Entergy’s mismanagement and checkered safety history at reactors like Vermont Yankee is particularly dismaying for a company whose nuclear plants put so many people at risk. Their CEO J. Wayne Leonard gave a bizarre presentation to analysts and investors last week, using several references from “The Hangover” movie. One wonders why Mr. Leonard chose that particular movie when his own employees have had drug and alcohol violations on the job.
Unfortunately for tens of millions of Americans who live around Entergy’s aging and dangerous nuclear reactors, this company refuses to take safety seriously. The Indian Point nuclear plant sits 35 miles north of New York City on two active seismic zones, but the company is still trying to run this plant for another 20 years. Entergy hasn’t seemed to have learned any lessons from the meltdowns at the Fukushima reactors.
It’s frightening that Entergy has such a cavalier attitude toward the safety of their nuclear power plants. Especially, given the fact that Indian Point and Pilgrim rank as the top two reactors with the highest risk of an earthquake causing core damage. What would it mean to have a Chernobyl or Fukushima scale accident at Indian Point? Check out our video below.
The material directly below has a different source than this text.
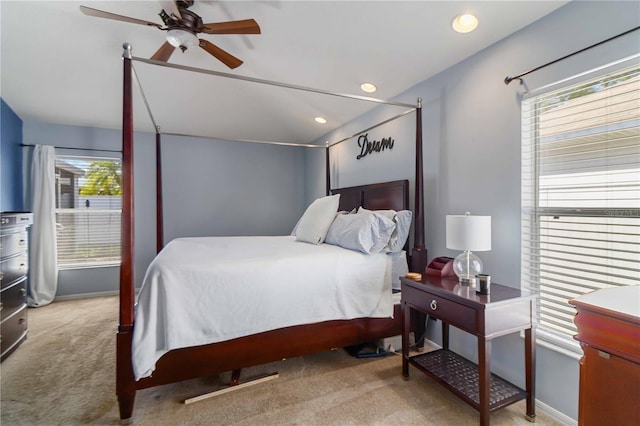 carpeted bedroom with baseboards and recessed lighting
Here’s the full text of our letter:
May 5, 2011
Dear Mr. Leonard,
We at Greenpeace listened with great interest as you told stockholders and financial analysts that you couldn’t have a Fukushima sized earthquake or a tsunami on the Hudson and that in a worst case scenario Entergy would have Indian point “regenerating in three to seven days.” Incredible; the Nuclear Regulatory Commission’s worst case estimates show that an accident at just one of Indian Point’s reactors could cause 50,000 fatalities and cost $314 billion and that doesn’t even address the threat posed by the radioactive waste pools.
Rather than a lesson in geography, geology and plate tectonics, your stockholders would have been better served had you outlined the proactive steps Entergy was taking to learn the lessons of the disaster in Japan and detailed the potential costs of incorporating them. Instead, we heard that your corporation has learned little and will likely do even less unless forced to by regulation.
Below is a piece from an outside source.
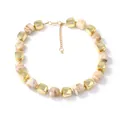 Minimalist beaded necklace with gold metal squares and marble resin cubes on white background - Color Block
As one state regulator put it, “If you are foolish enough or pompous enough to think that you can’t learn lessons from what is happening in Japan then you are at fault.”
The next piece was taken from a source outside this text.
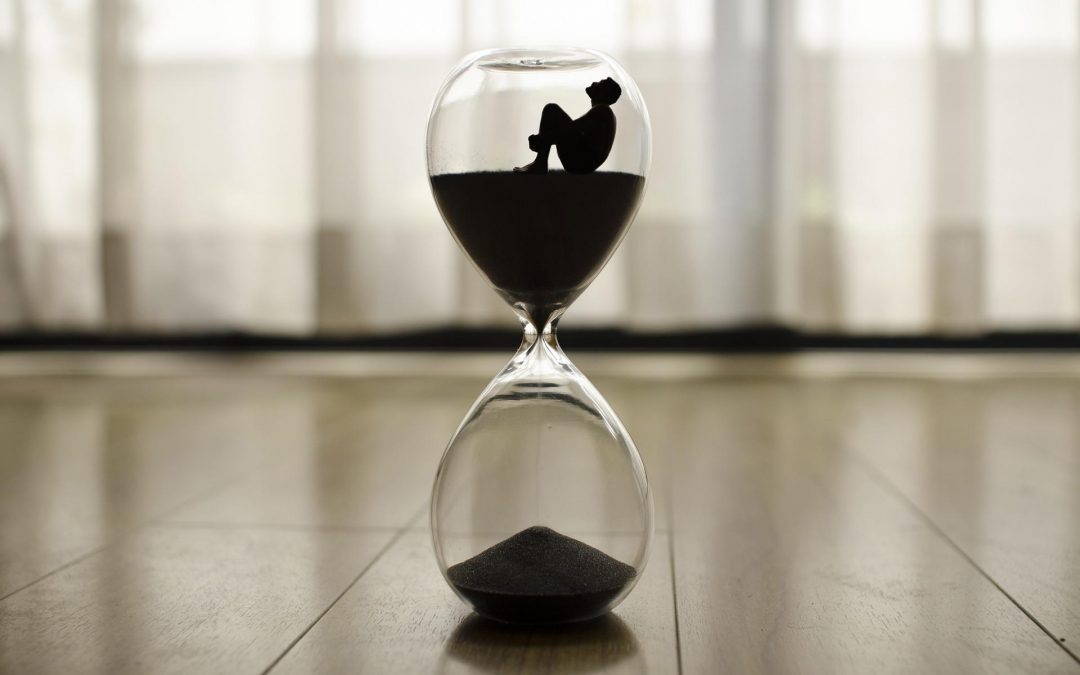 Person sat inside hourglass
What actions will Entergy take at its GE boiling water reactors of the same design as those at Fukushima and at Indian Point in response to the events in Japan? More than 17 million people live within 50 miles of Indian Point and a catastrophic release of radiation from the reactors or radioactive waste pools would be devastating. Has this given any pause to your company’s efforts to run this aging nuclear plant longer and harder than ever before?
What, if anything, has your corporation learned from the Fukushima disaster?